[Records from a collection]
##############################
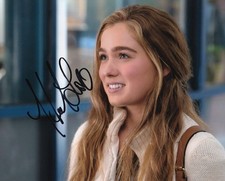 HALEY LU RICHARDSON signed autograph 20x25cm PONIES in person autograph COA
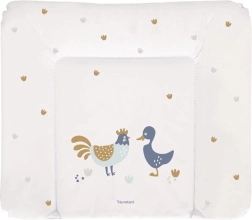 Träumeland Kikeriki pelenkázó alátét 75 × 85 cm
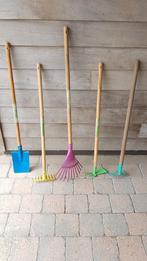 Tuingereedschap voor kinderen, Tuin en Terras, Hand-tuingereedschap, Ophalen, Zo goed als nieuw, Freund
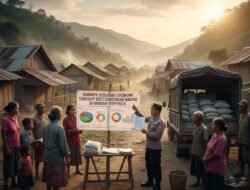 Dampak Kebijakan Ekonomi Pemerintah Terhadap Kesejahteraan Rakyat Kecil di Daerah Terpencil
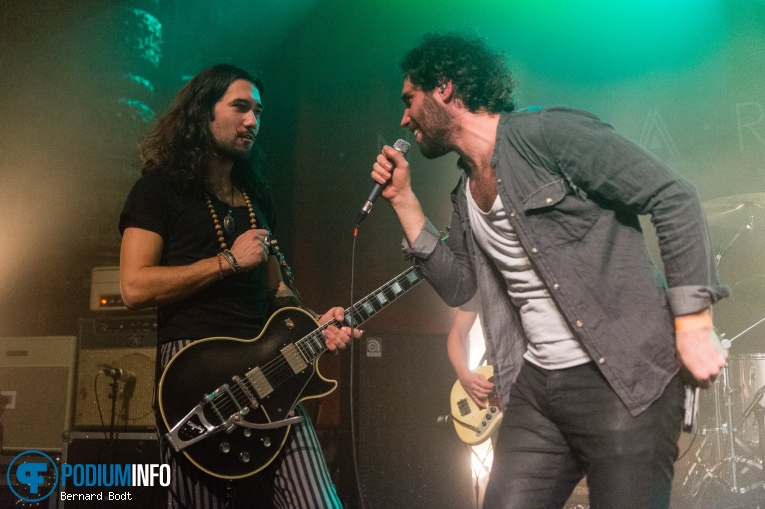 Navarone op Navarone - 14/12 - Luxor Live foto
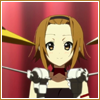 Аватар Тайнака Рицу (K-on)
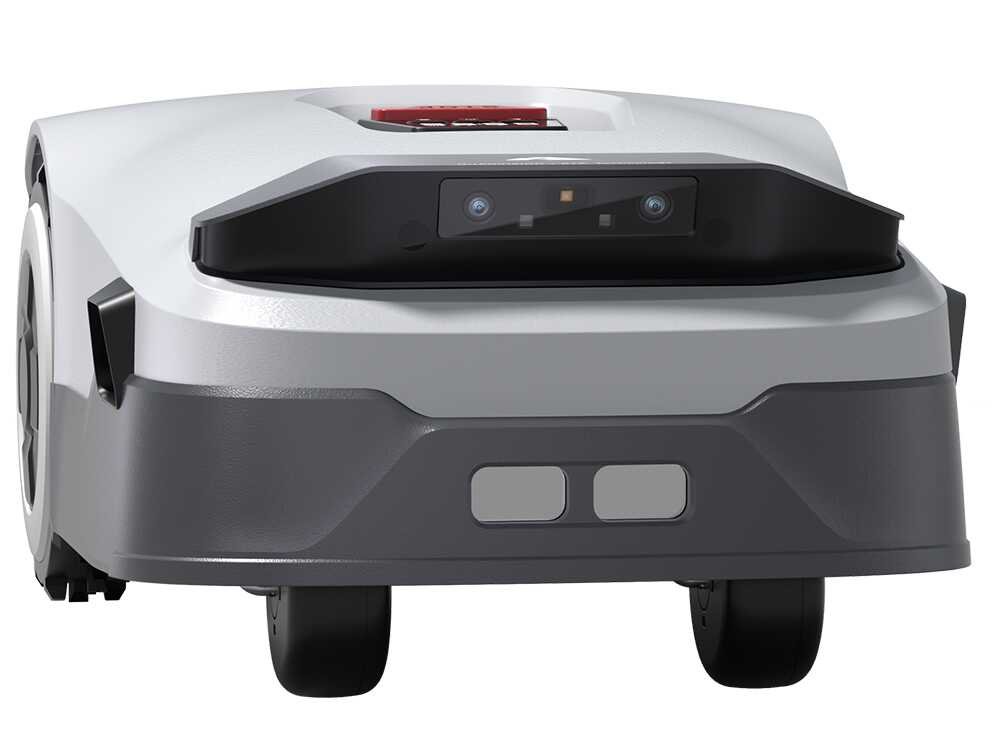 anthbot genie 3000 robot tondeuse sans installation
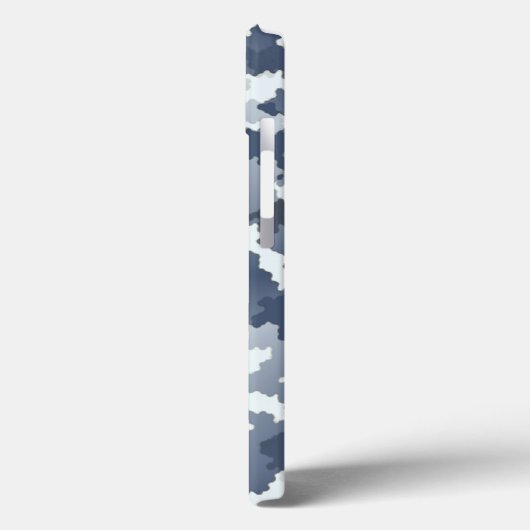 Coques Case-Mate iPhone Camouflage d'hiver (Verso / Gauche)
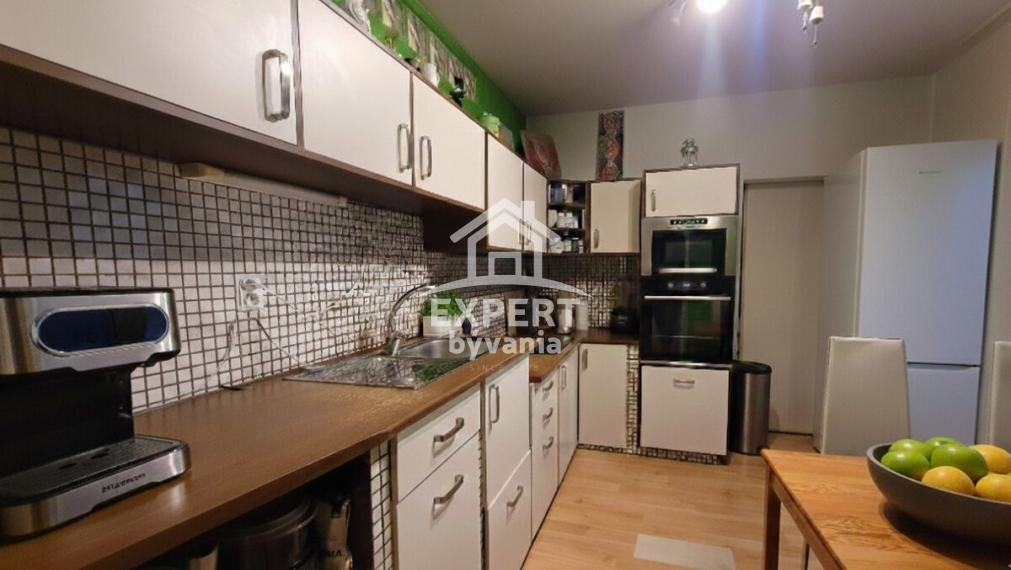 2 IZBOVY BYT - 69m2 - STARŠIA KOMPLETKA - LOGGIA - HYPO SERVIS A POSUDOK V CENE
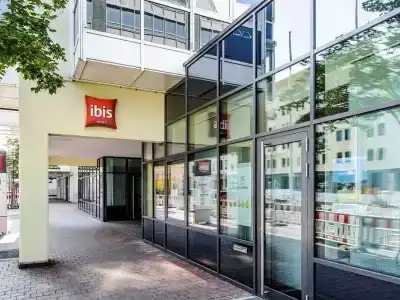ibis Augsburg Hauptbahnhof - 18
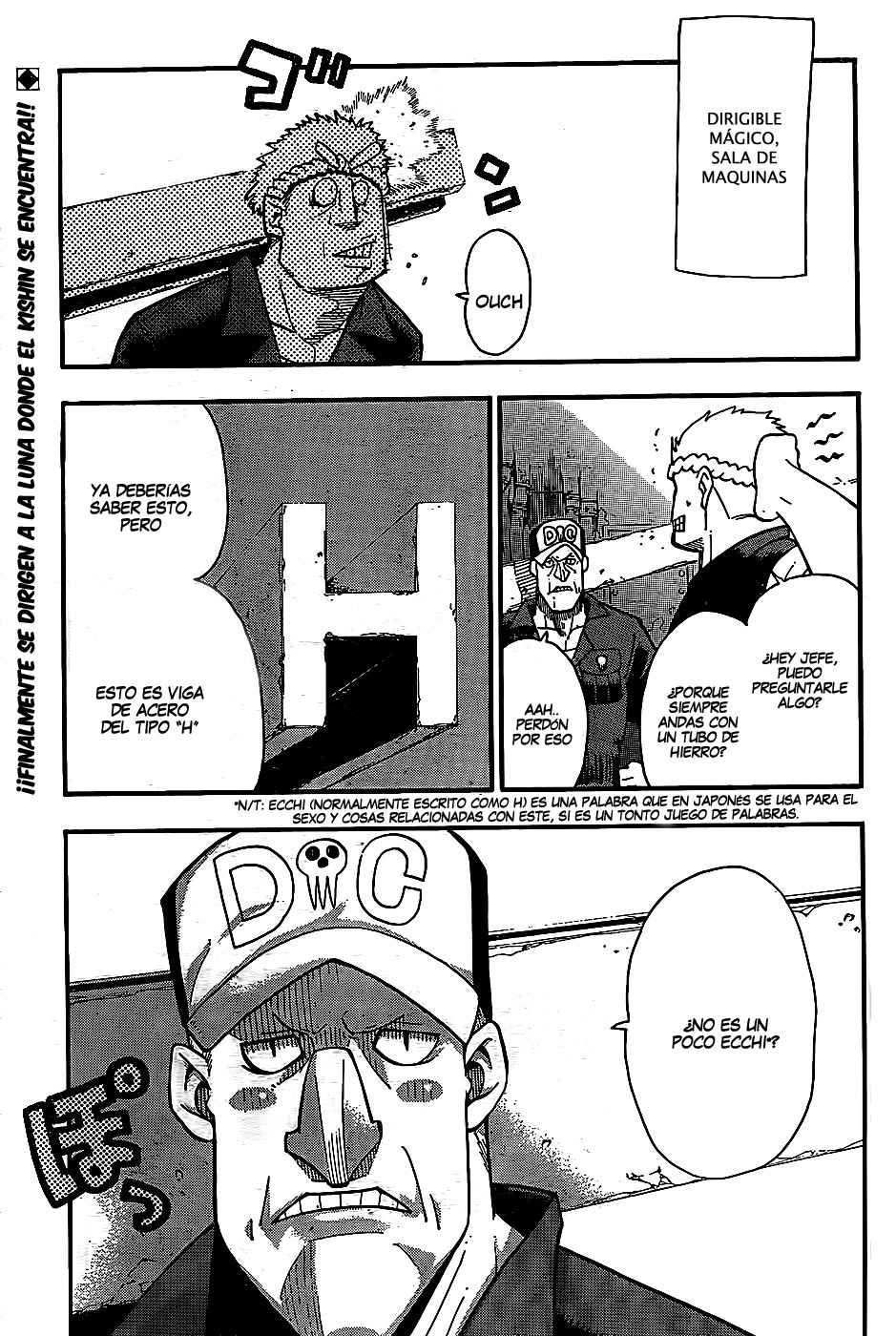 Read Soul Eater (es) Manga Online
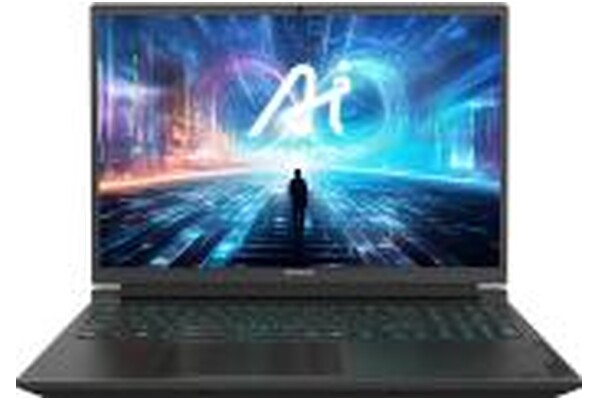 Laptop GIGABYTE G6X 16" Intel Core i7 13650HX NVIDIA GeForce RTX 4060 16GB 1024GB SSD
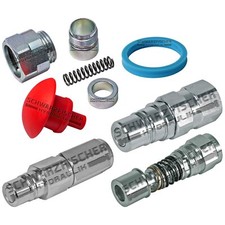 Faster Multikupplung Ersatzteile Zubehör Einsätze Dichtung 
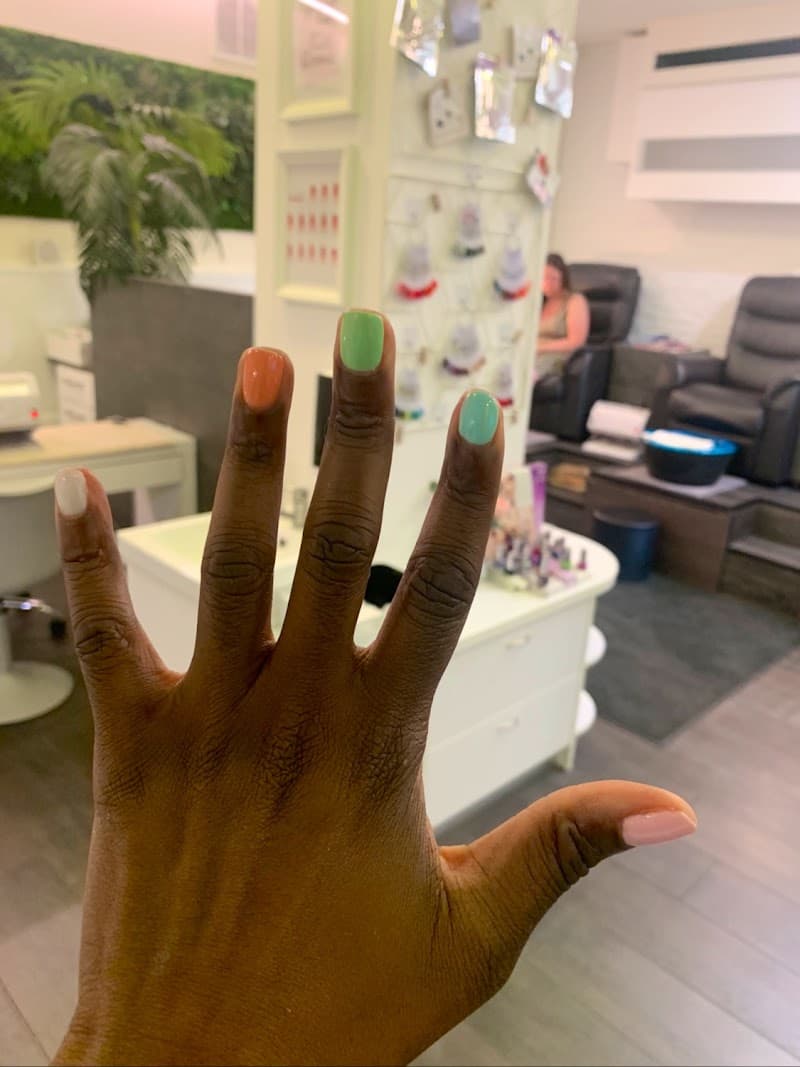 Swiss Nail Spa Genève photo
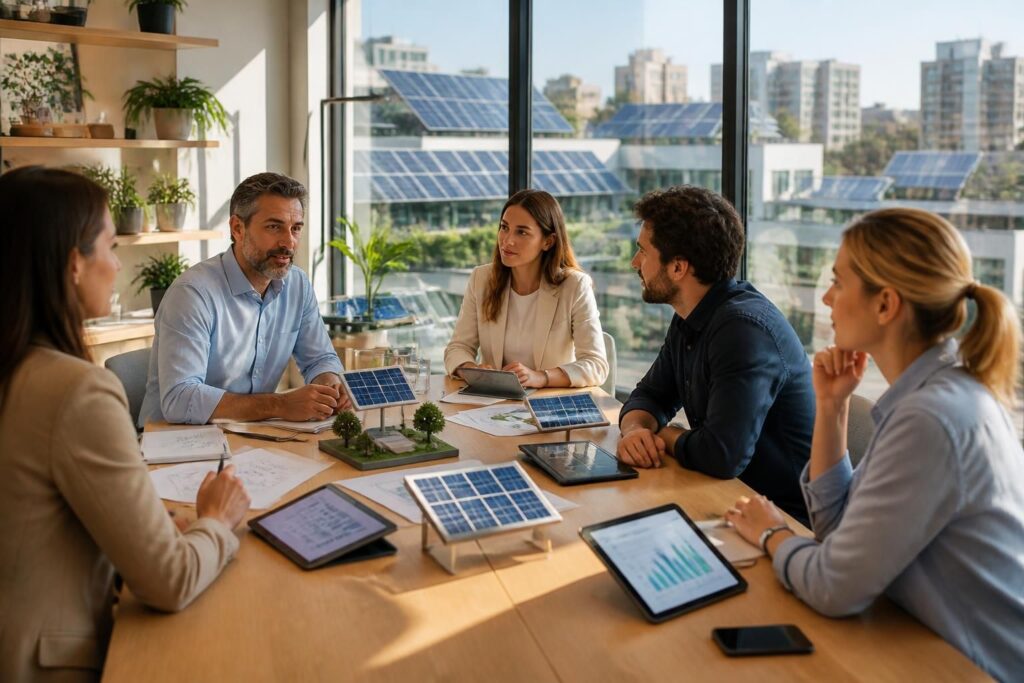 découvrez comment la directive red 3 transforme les exigences énergétiques et quelles opportunités elle offre aux entreprises pour innover et se développer durablement.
##############################
[WHAT THE EXERCISE ASKS] Would you copy the lines above exactly, starting with the one that has "Tuingereedschap voor kinderen, Tuin" and ending with the one that has "Navarone op Navarone", both included, without the pictures?

[RESULT]
 Tuingereedschap voor kinderen, Tuin en Terras, Hand-tuingereedschap, Ophalen, Zo goed als nieuw, Freund
 Dampak Kebijakan Ekonomi Pemerintah Terhadap Kesejahteraan Rakyat Kecil di Daerah Terpencil
 Navarone op Navarone - 14/12 - Luxor Live foto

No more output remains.